The code below creates the holt's model and prints the summary.
holt_model <- holt(dat_ts, h = 12)
summary(holt_model)
Output:
Forecast method: Holt's method
Model Information:
Holt's method
Call:
holt(y = dat_ts, h = 12)
Smoothing parameters:
alpha = 0.8743
beta = 0.2251
Initial states:
l = 2941.2241
b = -0.9146
sigma: 200.7121
AIC AICc BIC
9344.330 9344.440 9365.898
Error measures:
ME RMSE MAE MPE MAPE MASE ACF1
Training set -1.775468 199.9836 152.9176 0.04058417 2.056684 0.16039 -0.001011626
Forecasts:
Point Forecast Lo 80 Hi 80 Lo 95 Hi 95
Jan 2014 10194.656 9937.433 10451.879 9801.267 10588.04
Feb 2014 9973.102 9590.814 10355.390 9388.443 10557.76
Mar 2014 9751.549 9239.463 10263.634 8968.381 10534.72
Apr 2014 9529.995 8881.048 10178.943 8537.515 10522.48
May 2014 9308.442 8514.997 10101.887 8094.972 10521.91
Jun 2014 9086.888 8141.265 10032.512 7640.682 10533.10
Jul 2014 8865.335 7759.990 9970.680 7174.856 10555.81
Aug 2014 8643.782 7371.378 9916.185 6697.808 10589.76
Sep 2014 8422.228 6975.652 9868.804 6209.881 10634.58
Oct 2014 8200.675 6573.036 9828.313 5711.416 10689.93
Nov 2014 7979.121 6163.744 9794.498 5202.741 10755.50
Dec 2014 7757.568 5747.979 9767.157 4684.167 10830.97
The output above shows that the MAPE for the training data is 2.1 percent. Evaluate the model performance on the test data using the lines of code below. The MAPE error on the test data comes out to be 6.6 percent, which is an improvement over the previous models.
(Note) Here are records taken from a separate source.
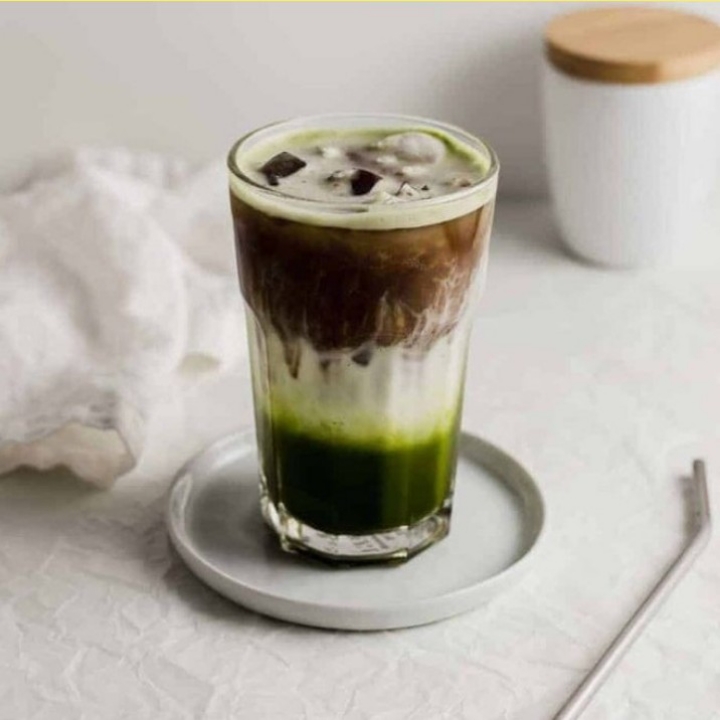 Iced Espresso Matcha Late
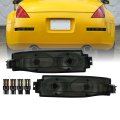 Rear Bumper Smoke Lens Reverse And Turn Signal Light Set With 4 Led Bulbs For 2003 To 2009 Nissan 350z Z33 Nismo Left Right 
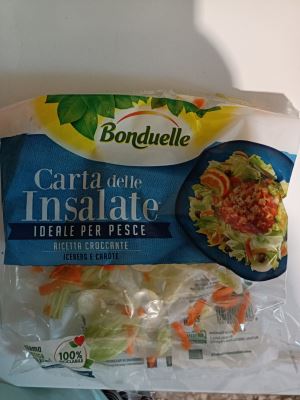 Carta delle insalate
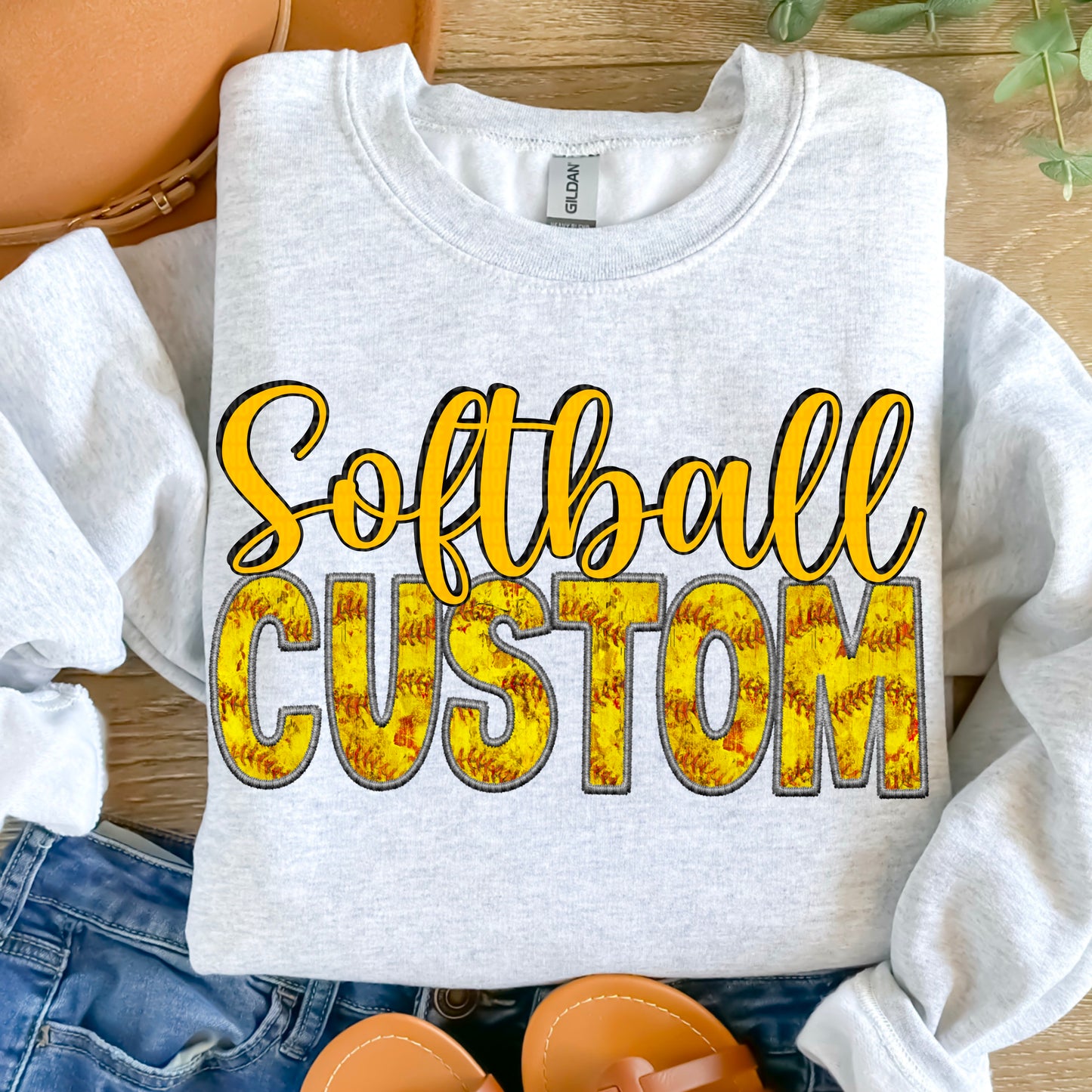 Custom Softball Embroidery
df_holt = as.data.frame(holt_model)
dat_test$holt = df_holt$`Point Forecast`
mape(dat_test$unemploy, dat_test$holt)
Output:
1] 6.597904
ARIMA
While exponential smoothing models are based on a description of the trend and seasonality, ARIMA models aim to describe the auto-correlations in the data. The auto.arima() function in R is used to build an ARIMA model. The code below creates the model and prints the summary.
arima_model <- auto.arima(dat_ts)
summary(arima_model)
Output:
Series: dat_ts
ARIMA(1,1,2)(0,0,2)[12]
Coefficients:
ar1 ma1 ma2 sma1 sma2
0.9277 -0.8832 0.1526 -0.2287 -0.2401
s.e. 0.0248 0.0495 0.0446 0.0431 0.0392
sigma^2 estimated as 35701: log likelihood=-3668.8
AIC=7349.59 AICc=7349.75 BIC=7375.46
Training set error measures:
ME RMSE MAE MPE MAPE MASE ACF1
Training set 6.377816 187.9162 143.4292 0.1084702 1.940315 0.150438 0.005512865
The output above shows that the MAPE for the training data is 1.94 percent. The next step is to evaluate the model performance on the test data, which is done in the lines of code below. The MAPE error on the test data comes out to be 2.1 percent, which is an improvement over all the previous models.
fore_arima = forecast::forecast(arima_model, h=12)
df_arima = as.data.frame(fore_arima)
dat_test$arima = df_arima$`Point Forecast`
mape(dat_test$unemploy, dat_test$arima) ## 2.1%
Output:
1] 2.063779
Conclusion
In this guide, you learned about the underlying statistical concepts of white noise and stationarity in time series data. You also learned how to implement basic time series forecasting models using R. The performance of the models on the test data is summarized below:
- Simple Exponential Smoothing: MAPE of 8.5 percent
- Holt's Trend Method: MAPE of 6.6 percent
- ARIMA: MAPE of 2.1 percent
The Simple Exponential Smoothing model did well to achieve a lower MAPE of 8.5 percent. The other two models outperformed it by producing an even lower MAPE. The ARIMA model emerged as the winner based on its lowest MAPE of 2.1 percent.